Dope Ventura, the imaginary Crushers national president, comes east to collect the body parts of his brother who died in a Perry County vehicle accident and fire on his way to New York to drop off a U-Haul full of fentanyl-treated weed. Dope meets Sarge, a Marine who served in Afghanistan as a fire team leader. A few days after Dope anoints Sarge president of the first East Coast Crushers chapter, Dope disappears and the club’s sole West Coast chapter folds.

Sarge and 20 or so ragtag local bikers he rides with in and around Duncannon now have themselves a motorcycle club they don’t really know what to do with. Except for Sarge, who is more than a cut above the rest, the brothers are a combination of hard asses and half asses and mostly not up to standard to be recruited by the Pagan’s Appalachian Chapter with Sonny as the leader of that outlaw pack.

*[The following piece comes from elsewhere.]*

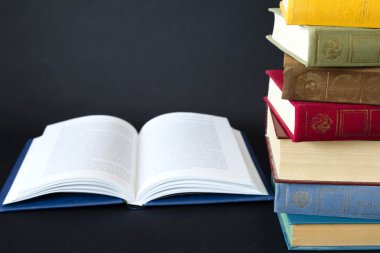 Siyah arkaplan üzerine kitap yığını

My story collection begins with a personal essay called “Up Shit Creek” about Sonny and me coming of age in houses that sat beside a seemingly endless trickling creek strewn with raw sewage. This true hardcore reflection sets the stage for make-believe stories about a jagged, ragged piece of backwater America, blue- collar heart, country-fried soul and Appalachian American struggle.

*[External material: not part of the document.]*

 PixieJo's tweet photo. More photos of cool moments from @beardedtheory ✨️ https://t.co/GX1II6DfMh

The fiction is grim, funny, sad, silly, violent and absurd. Not all my characters are rednecks or bikers or both, but they all share a sacred piece of community whether they like the hand life dealt them or not. My stories all describe untamed “Purry County” wildlife that helped make me the very human animal I am today. True or false, the stories are dirty, cracked mirrors reflecting slices of life in good times and in bad.

Near the end of the book Sonny asks Sarge if he might be interested in joining the Pagan’s, Sonny’s one-percenter club Sonny loves and with which Sarge always wanted to ride. I share some of Sonny’s deepest thoughts from a nonfiction column I wrote about him and me after he died, including personal material drawn from my decade-long formative years living in the Cove from ages 12 to 22.

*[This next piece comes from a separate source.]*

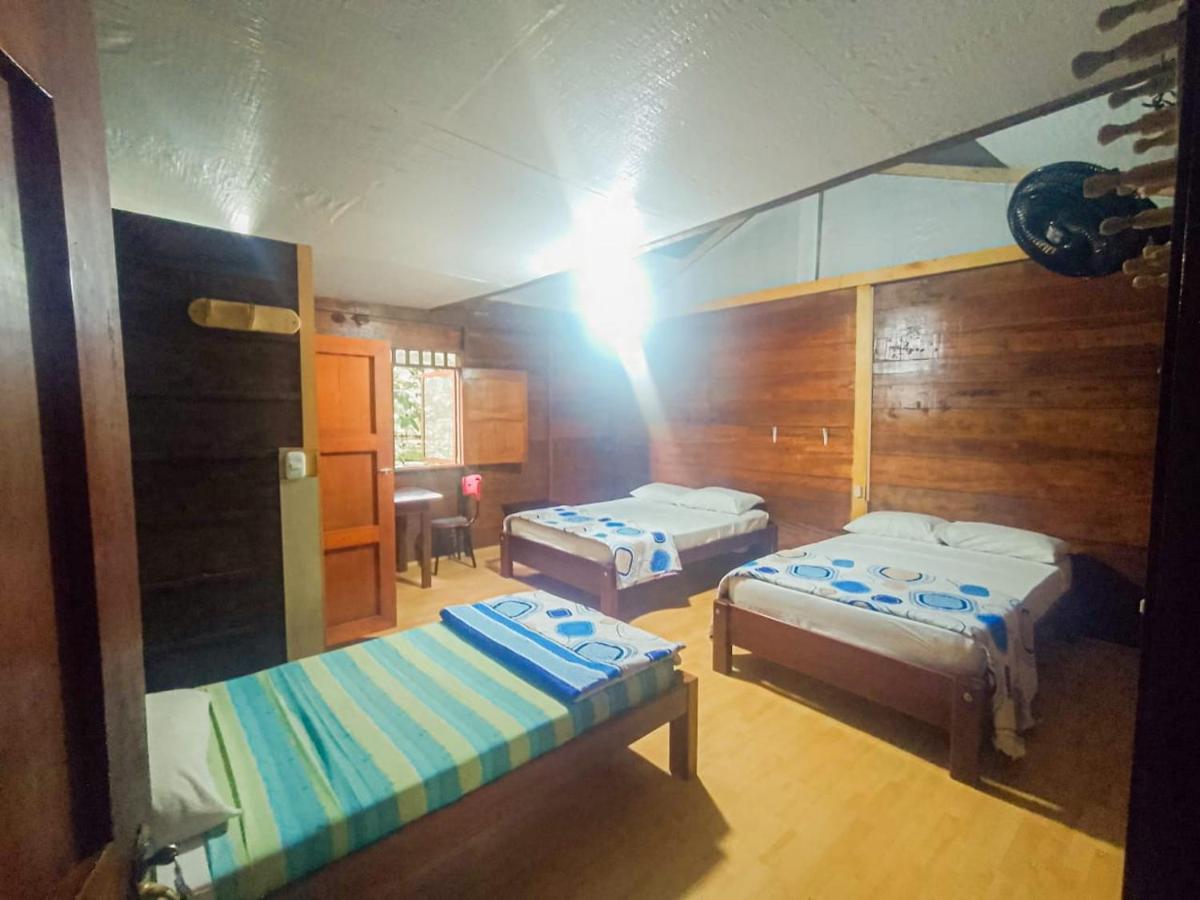 Hostal Cano Nevera La Macarena Extérieur photo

 One of the last chapters appears as a true question and answer dialogue between Sonny and me that I wrote drawn from long talks he and I had before he died at 71. The Q&A documents his loyalty to the Pagan’s. Live Pagan. Die Pagan. One of Sonny’s club brothers read that piece at Sonny’s packed memorial gathering at the Pagan’s farm a few years ago.

A Marine and former American Legion commander, Sonny’s remains are interred at the Indiantown Gap National Cemetery in Lebanon County, a righteous place where I joined a crowd of mourners including about 75 Pagan’s brothers who rode in for Sonny’s 2023 funeral.

Sonny’s chronicle of his outlaw life raises awareness to the power of the Appalachian American spirit and the continuing influence of the Pagan’s Motorcycle Club in a fast-changing society. The book’s ending also helps keep Sonny Drake’s honorable legacy alive. My fact and fiction draw from sociology, anthropology, psychology with a touch of pathology and astrology tossed in for good measure.

From the 1953 movie The Wild One with Marlon Brando to the seven seasons of the FX series Sons of Anarchy from 2008 to 2014, America refuses to turn away from fascination with and fear of the iron horses and their masters stampeding across the land. As my friend of more than 50 years and former New York City Pagan’s chapter president John Hall says, the outlaw spirit thrives in those of us willing to go Riding on the Edge, the title of the published memoir he wrote about his life with the Pagan’s in the 1960s.

Up Shit Creek: Outlaw Tales of the Crushers Motorcycle Club drives a fearless reader to feel alive, edgy and ready to roll.